- Bakhuis Mountains Location within Suriname

Highest point
- Elevation: 956 m (3,136 ft)
- Coordinates: 4°21′N 56°45′W﻿ / ﻿4.350°N 56.750°W

Geography
- Country: Suriname
- District: Sipaliwini District

= Bakhuis Mountains =

Mountain range in Suriname

The Bakhuis Mountains (Bakhuisgebergte) are a mountain range in central Suriname, spanning 110 kilometres. The mountain range form of the northern part of the Wilhelmina Mountains, and the mountains and its village were named after the Dutch explorer and Royal Dutch East Indies Army officer Louis August Bakhuis. The range lies in the Sipaliwini Savanna District of Suriname. The Bakhuys Airstrip is near the village.

==Geography==
===Geology===
The Bakhuis Mountains have rich deposits of bauxite, as well as nickel and copper. In 1974, a new mineral named surinamite ((Mg, Fe^{2+})_{3}Al_{4}BeSi_{3}O_{16}) was found in the mountain range.

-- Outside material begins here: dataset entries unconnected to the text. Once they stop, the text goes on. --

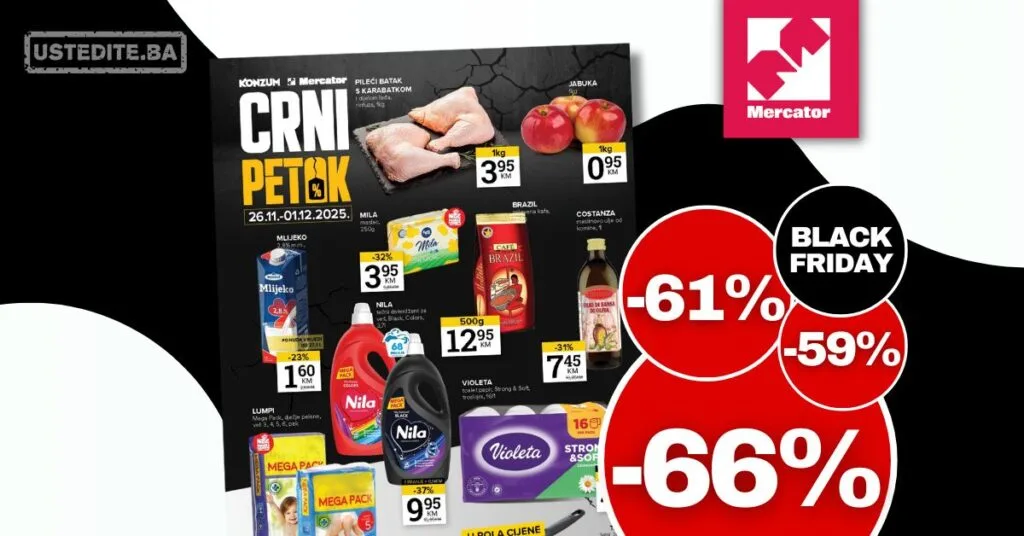 Mercator BLACK FRIDAY 26.11-1.12.2025.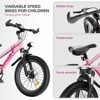 YONWAY Mountain Bike for Kids Ages 7-12 with Dual Disc Brakes, 7 Speeds, Shock Absorber for Boys & Girls - 2 of 4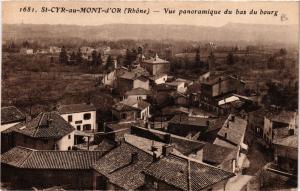 CPA St-CYR-au-MONT-d'OR - Vue panoramique du BAS du BOURG (573312)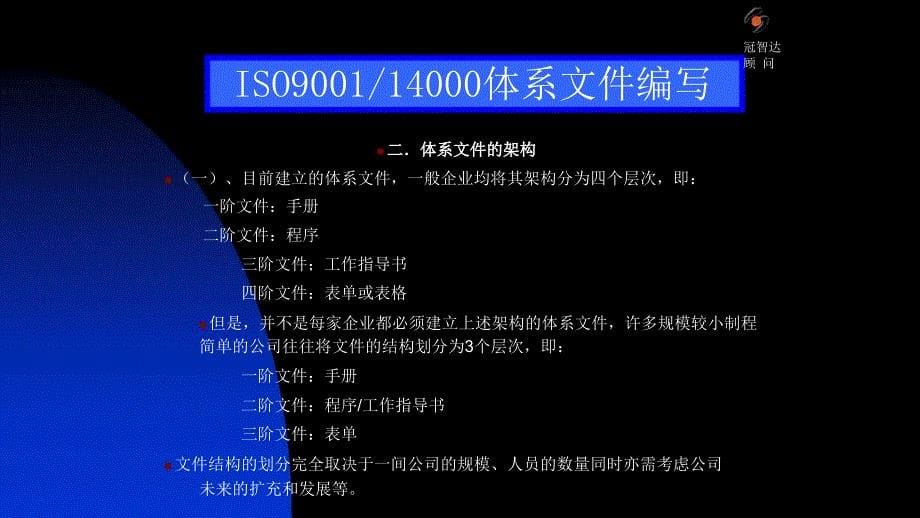 品质管理质量认证ISO9000和ISO14000文件编写讲义PPT47页1_第5页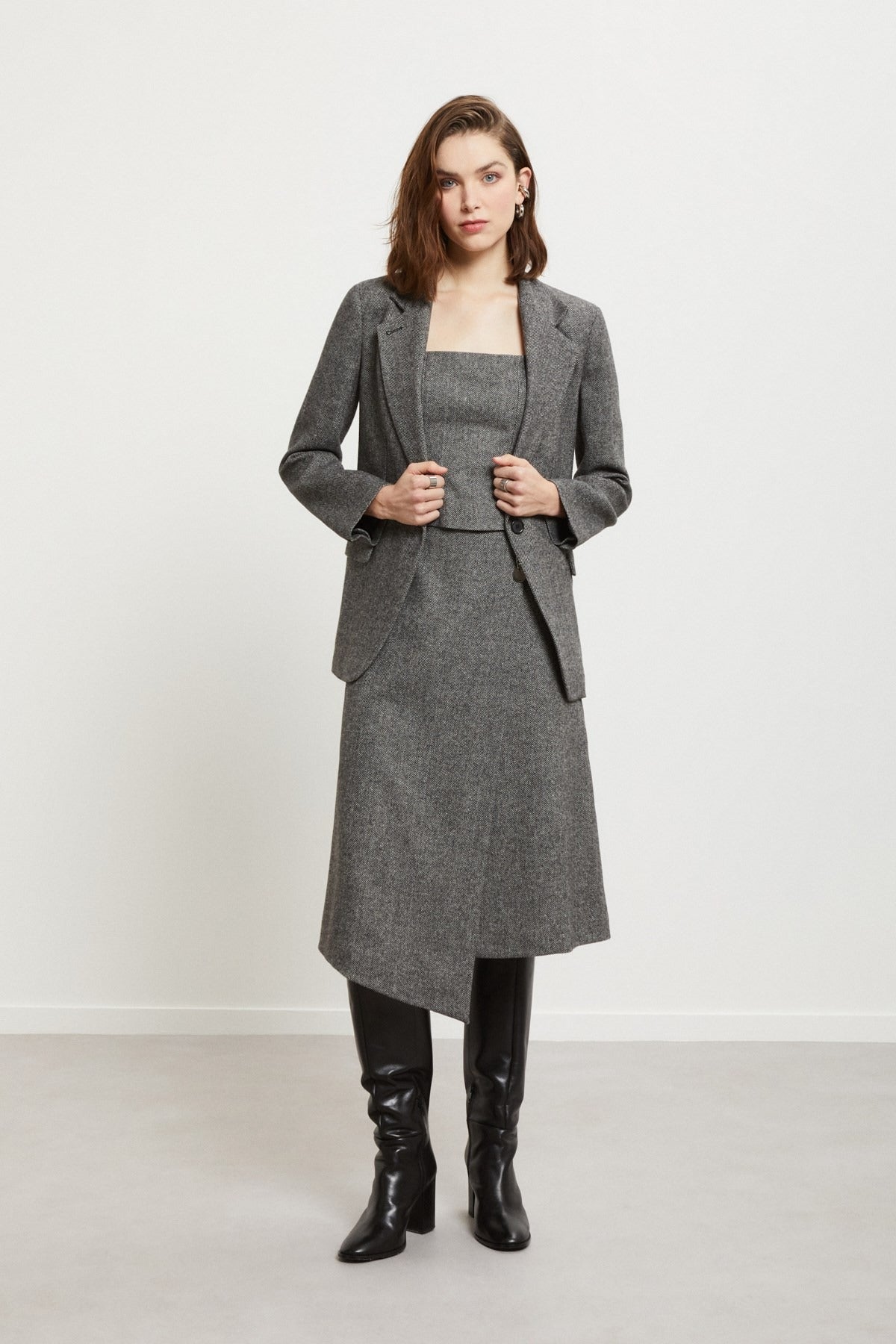 Ottod'ame Blazer Bitessuto Naturale Donna - 1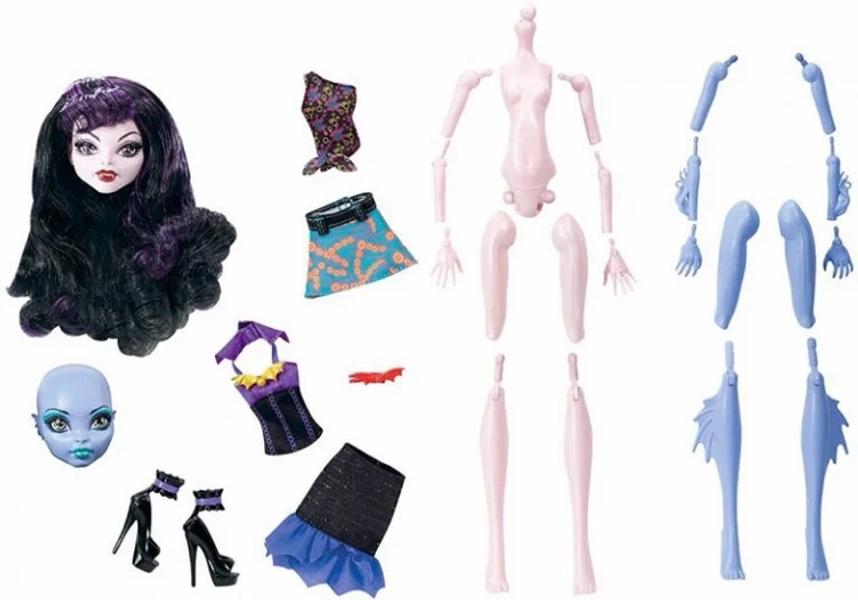 Create-A-Monster Vampire & Sea Monster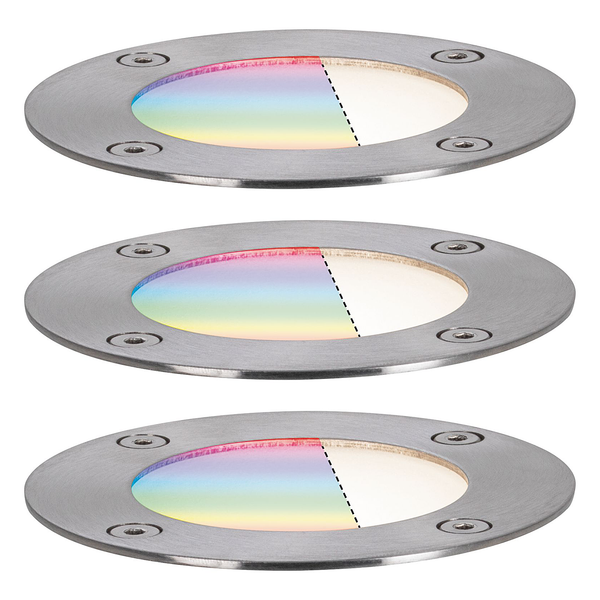 Einbauleuchte Plug & Shine Shio - Aluminium - Silber - 5-teilig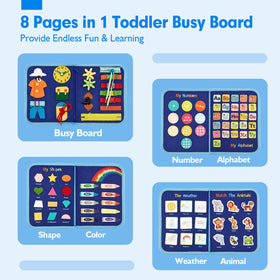 hahaland Busy Board alphabet tiles support early literacy through hands-on learning.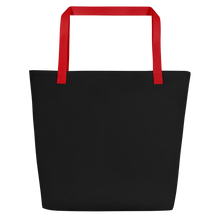 Load image into Gallery viewer, Consistent Self Improvement Black Beach Bag (Red Logo)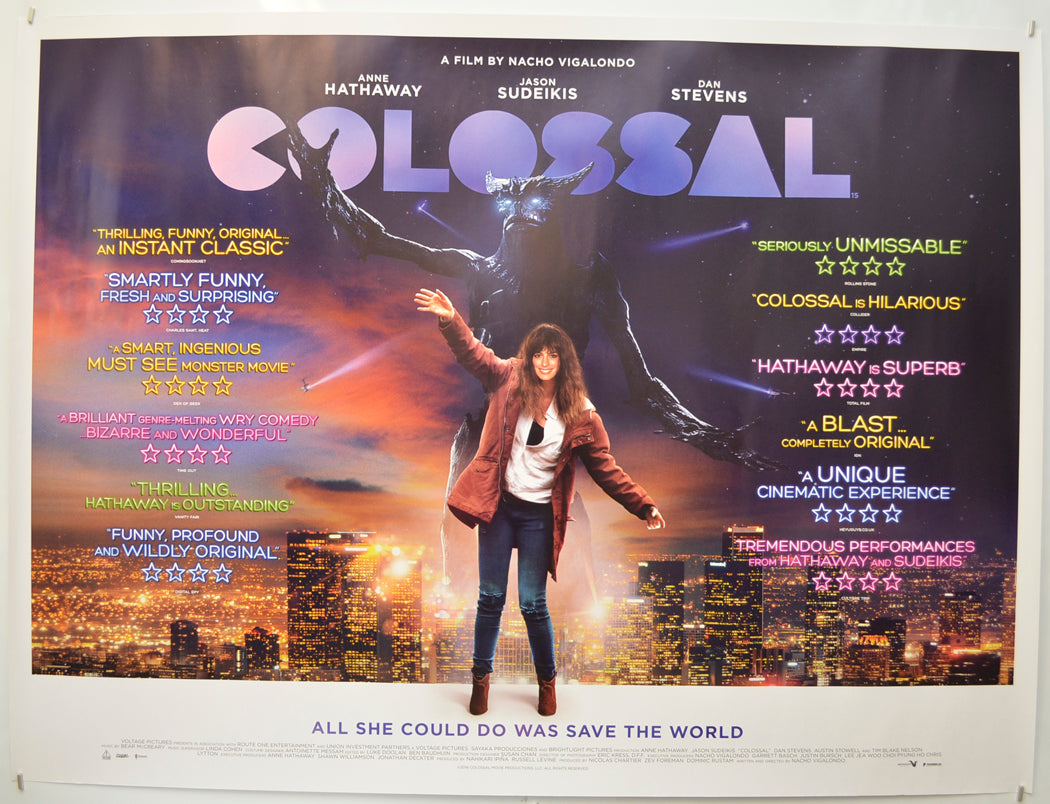 Colossal Original Quad Poster - Film Poster - Movie Poster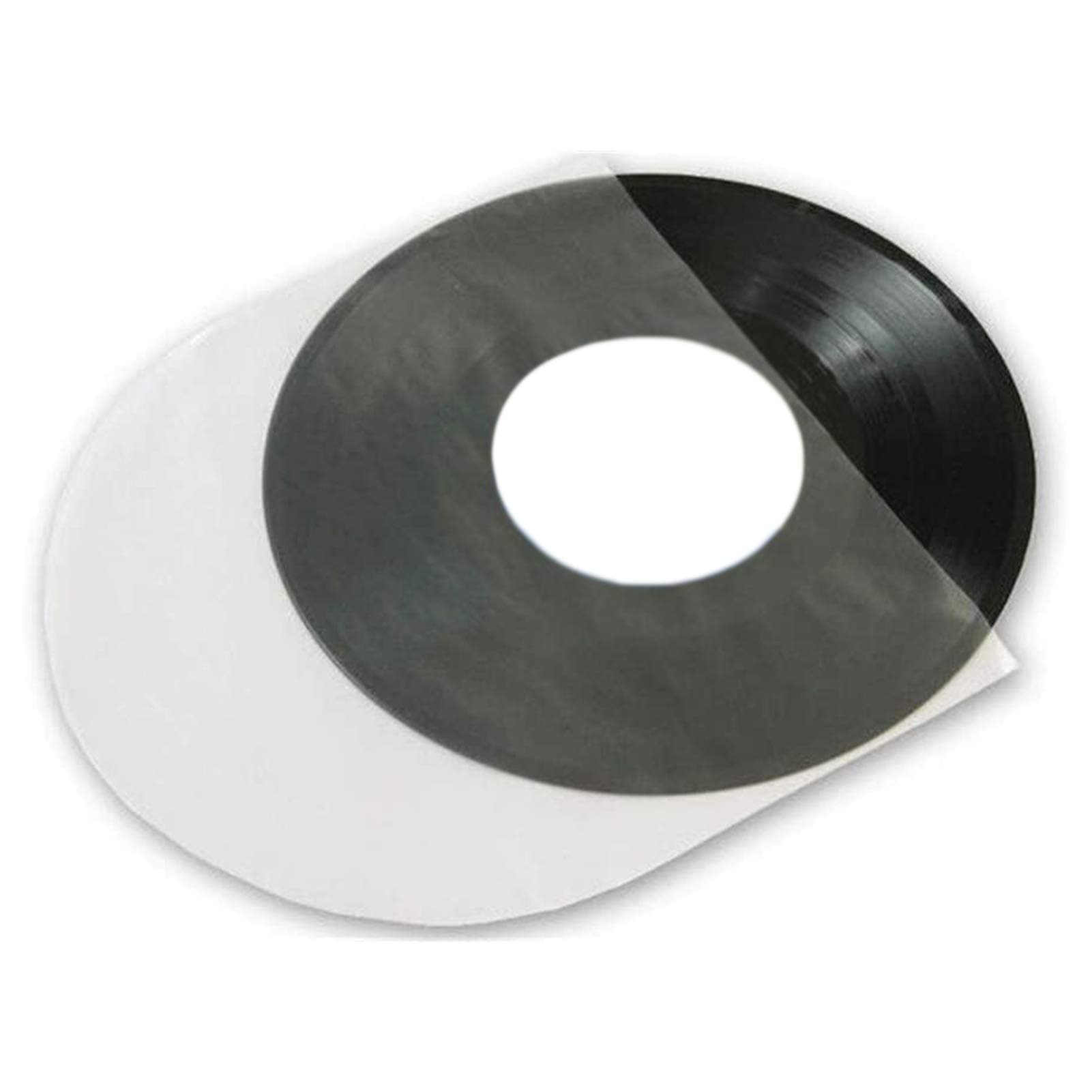 12 inch LP Vinyl Record Inner Sleeves Vinyl Inner Sleeves Collector Protector Sleeves for Vinyl Record Storage, 50-Pack Round Bottom Protective Sleeves Covers for 12” Albums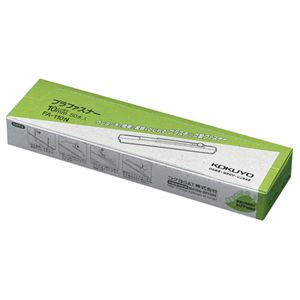 (まとめ) コクヨ プラファスナー 簡易タイプ 足間隔80mm 約100枚収容 FA-110N 1パック(50本)  【×10セット】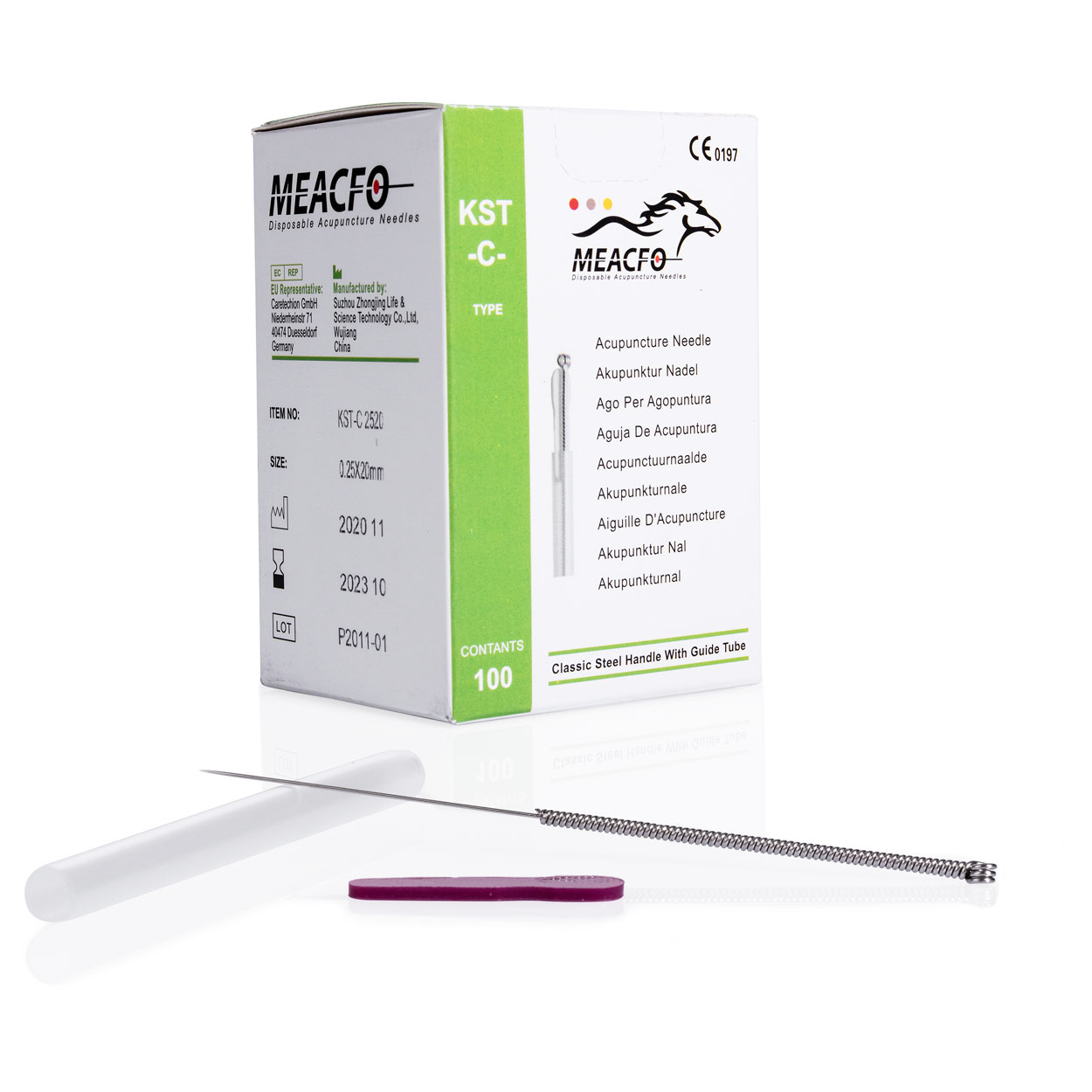 Akupunkturnadeln mit Metalgriff<br> Akupunktur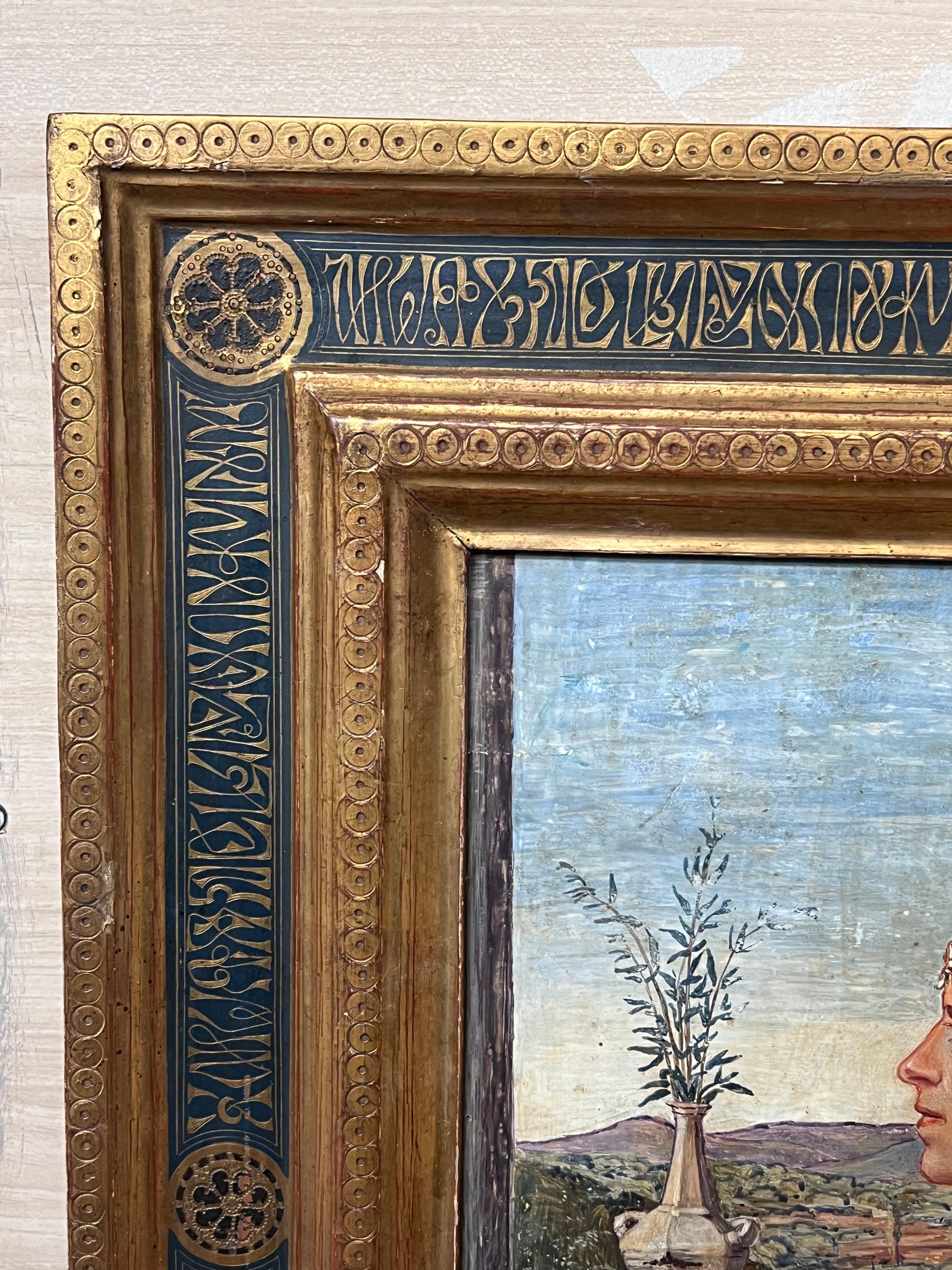 Portrait d'une dame de la Renaissance Classic Medici Style Garden Italian Ornate Frame en vente 4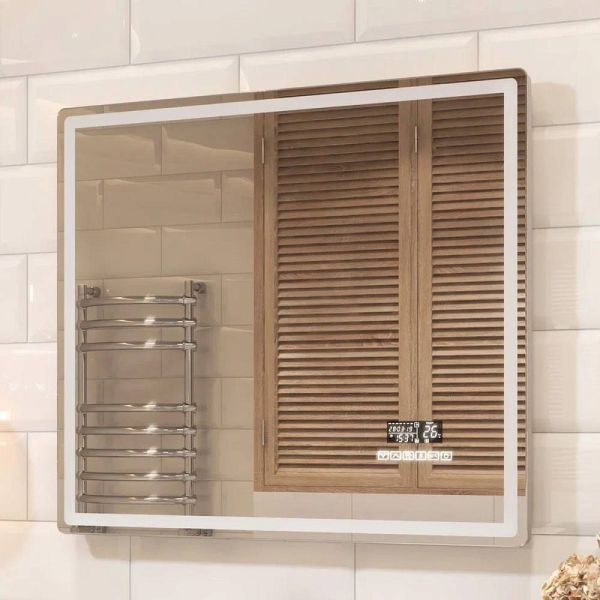 Зеркало с подсветкой Vigo Geometry Media voice 048 80 см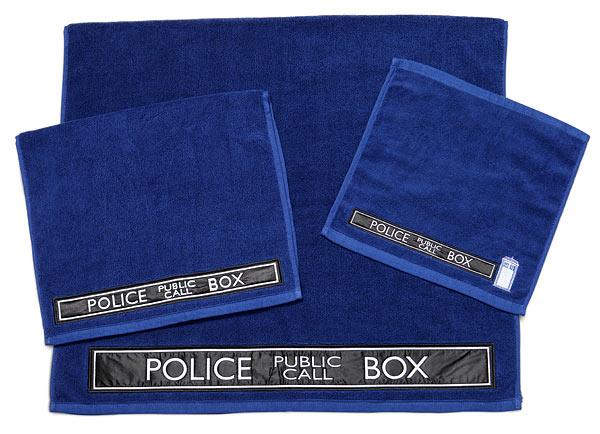 Doctor Who 3-Piece Bath Towel Set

The Bakhuis mountain range is an area of 2800 km² and contains a large concession area for mining bauxite, in which both the Surinamese company Suralco and foreign exploitation companies are interested. Ecologists fear destruction of jungle area when the mining commences.

===Environment===
The mountains vary in height from 300-946 m, and are covered with largely pristine forest. The range has been designated an Important Bird Area (IBA) by BirdLife International because it supports significant populations of many birds, including the near-threatened crested eagle, harpy eagle and blue-cheeked parrot, among 378 species recorded.

==History==
In the second half of the 20th century there was already a plan to economically exploit the area: the West Suriname Plan, centered on the mining of bauxite in the Bakhuis Mountains. After Suriname became independent of the Netherlands in the 1980s, however, the implementation of this plan was discontinued. A railway was built in 1976, connecting the Bakhuis Mountains with Apoera, however the railway was never put into use and was abandoned in 2002.